* Work instruction:
Everything from the line that has "Champion Crewneck T-Shirt" to the last line of the listing must be repeated exactly, and nothing more; omit the pictures.

* Record set:
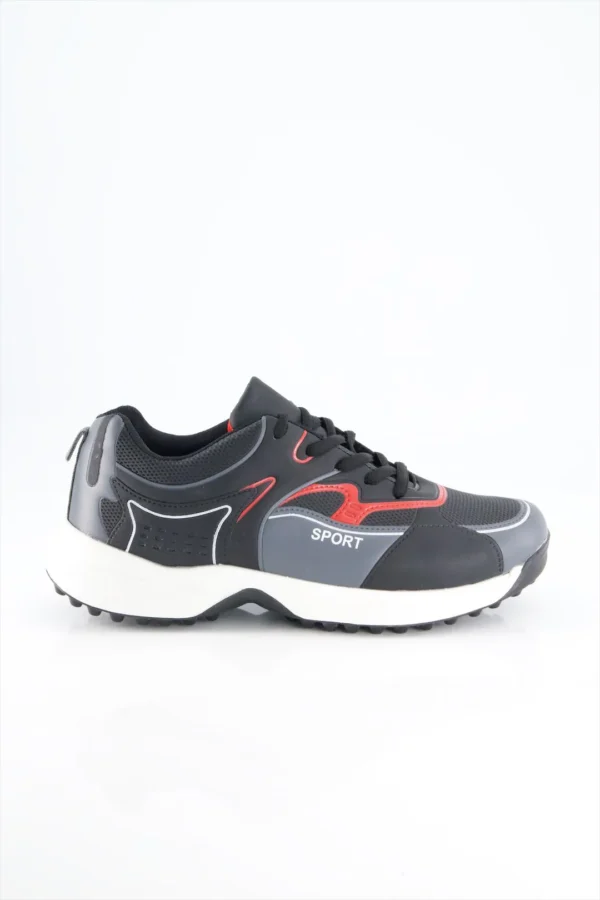 black-camel-sports-gripper-shoes-dl884 - Image 11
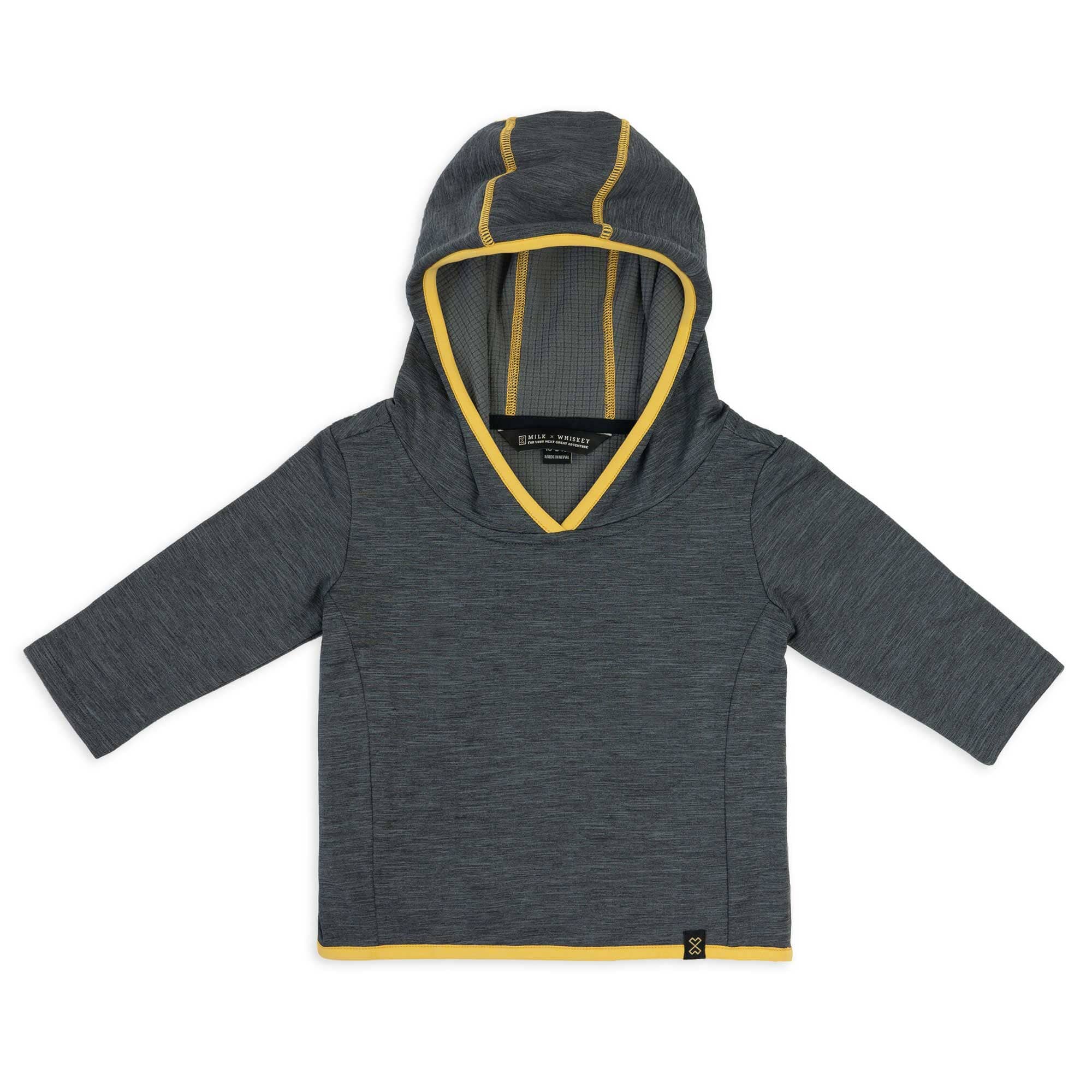 Tumbler - Baby Grid Fleece Hoodie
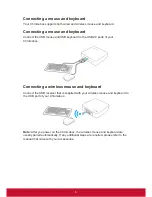 Preview for 12 page of ViewSonic NMP660 User Manual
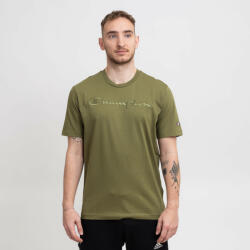 Champion Crewneck T-Shirt S | Bărbați | Tricouri | Verde | 219870-GS573 (219870-GS573)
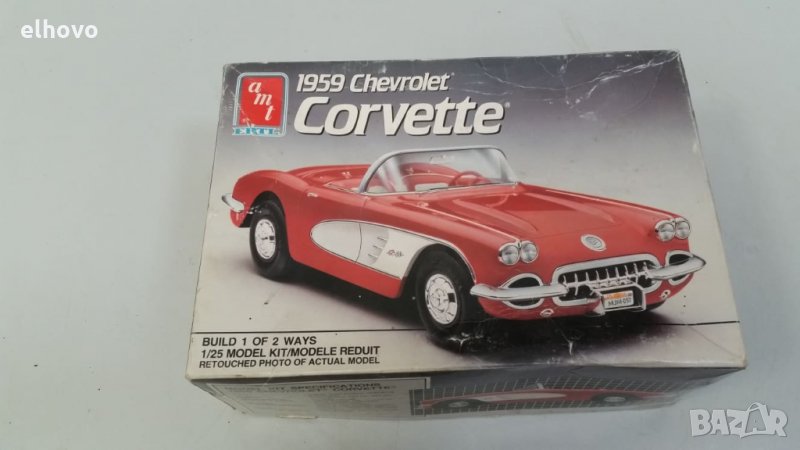 Сглобяема количка Chevrolet Corvete 1959, снимка 1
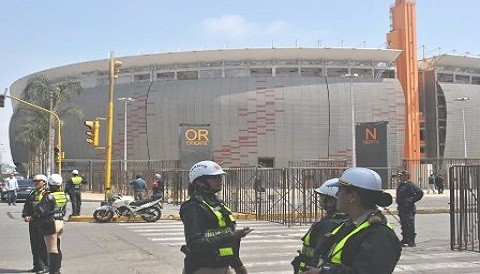 Ojo: Caras pintadas o enmascarados no ingresarán al Estadio Nacional para el Perú-Colombia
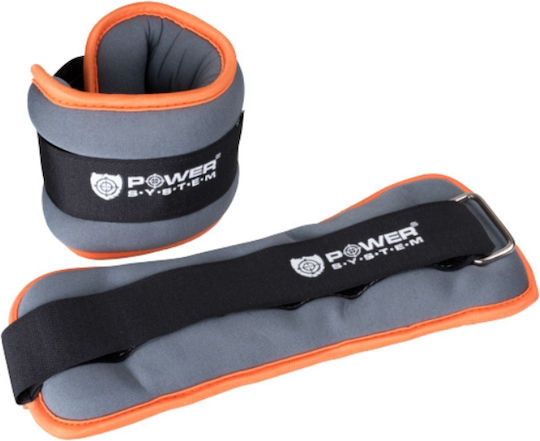 Power System Ankle Weights Βαράκια Άκρων 2 x 1kg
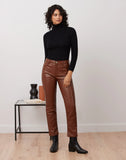 JEANS EMILY COUPE AJUSTEE / TAN - Yoga Jeans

* Answer below:
 Champion Crewneck T-Shirt S | Bărbați | Tricouri | Verde | 219870-GS573 (219870-GS573)
 Сглобяема количка Chevrolet Corvete 1959, снимка 1
 Ojo: Caras pintadas o enmascarados no ingresarán al Estadio Nacional para el Perú-Colombia
 Power System Ankle Weights Βαράκια Άκρων 2 x 1kg
 JEANS EMILY COUPE AJUSTEE / TAN - Yoga Jeans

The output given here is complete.